[Issue]: hipModuleLoad error 303 for kernel with math functions
fwinter opened this issue · comments
Problem Description
My application uses the llvm shipped with ROCm (/opt/rocm/llvm) to build amdgpu kernels. Later calls codegen and ld.lld to create a shared object, after which HIP loads the linked module. This has worked fine prior to ROCm 5.6.0. Since that version only kernels without math functions work (kernel.ll in the reproducer). If a kernel calls a math function (mathkernel.ll) the module loader returns error 303. I have compiled a reproducer.
$ make test
/opt/rocm-5.6.0/llvm/bin/llvm-as < kernel.ll > kernel.bc
/opt/rocm-5.6.0/llvm/bin/clang -c -target amdgcn-amd-amdhsa -mcpu=gfx90a kernel.bc -o kernel.o
warning: overriding the module target triple with amdgcn-amd-amdhsa [-Woverride-module]
1 warning generated.
/opt/rocm-5.6.0/llvm/bin/ld.lld -shared kernel.o -o kernel.so
/opt/rocm-5.6.0/llvm/bin/llvm-as < mathkernel.ll > mathkernel.bc
/opt/rocm-5.6.0/llvm/bin/llvm-link mathkernel.bc /opt/rocm-5.6.0/llvm/lib/libomptarget-old-amdgpu-gfx90a.bc /opt/rocm-5.6.0/amdgcn/bitcode/ocml.bc /opt/rocm-5.6.0/amdgcn/bitcode/oclc_finite_only_off.bc /opt/rocm-5.6.0/amdgcn/bitcode/oclc_isa_version_90a.bc /opt/rocm-5.6.0/amdgcn/bitcode/oclc_unsafe_math_off.bc /opt/rocm-5.6.0/amdgcn/bitcode/oclc_daz_opt_off.bc /opt/rocm-5.6.0/amdgcn/bitcode/oclc_correctly_rounded_sqrt_on.bc -o mathkernel-linked.bc
/opt/rocm-5.6.0/llvm/bin/clang -c -target amdgcn-amd-amdhsa -mcpu=gfx90a mathkernel-linked.bc -o mathkernel-linked.o
/opt/rocm-5.6.0/llvm/bin/ld.lld -shared mathkernel-linked.o -o mathkernel-linked.so
/opt/rocm-5.6.0/bin/hipcc -o host host.cc
host.cc:15:11: warning: 'hipCtxCreate' is deprecated: This API is marked as deprecated and may not be supported in future releases. For more details please refer https://github.com/ROCm-Developer-Tools/HIP/blob/master/docs/markdown/hip_deprecated_api_list.md [-Wdeprecated-declarations]

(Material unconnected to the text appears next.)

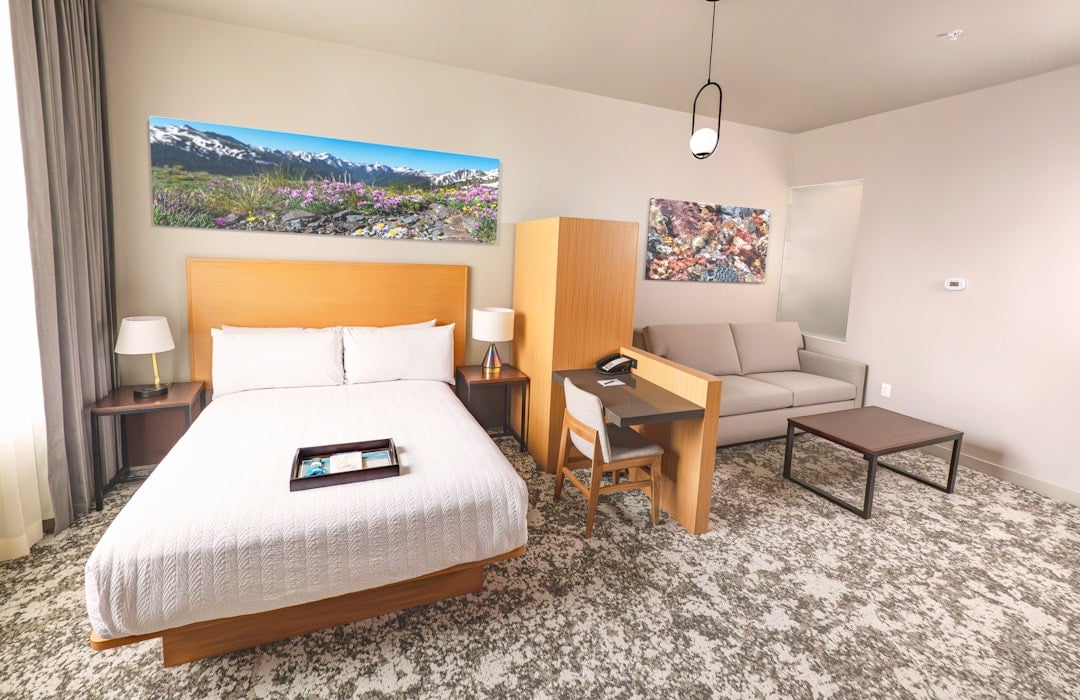 A contemporary hotel room is furnished with a white-linened bed, a desk area with a chair, and a beige sofa, all set on patterned carpet with various artworks on the walls.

err = hipCtxCreate(&ctx, hipDeviceScheduleAuto, device);
^
/opt/rocm-5.6.0/include/hip/hip_runtime_api.h:4616:1: note: 'hipCtxCreate' has been explicitly marked deprecated here
DEPRECATED(DEPRECATED_MSG)
^
/opt/rocm-5.6.0/include/hip/hip_runtime_api.h:494:41: note: expanded from macro 'DEPRECATED'
#define DEPRECATED(msg) __attribute__ ((deprecated(msg)))
^
1 warning generated when compiling for gfx90a.
host.cc:15:11: warning: 'hipCtxCreate' is deprecated: This API is marked as deprecated and may not be supported in future releases. For more details please refer https://github.com/ROCm-Developer-Tools/HIP/blob/master/docs/markdown/hip_deprecated_api_list.md [-Wdeprecated-declarations]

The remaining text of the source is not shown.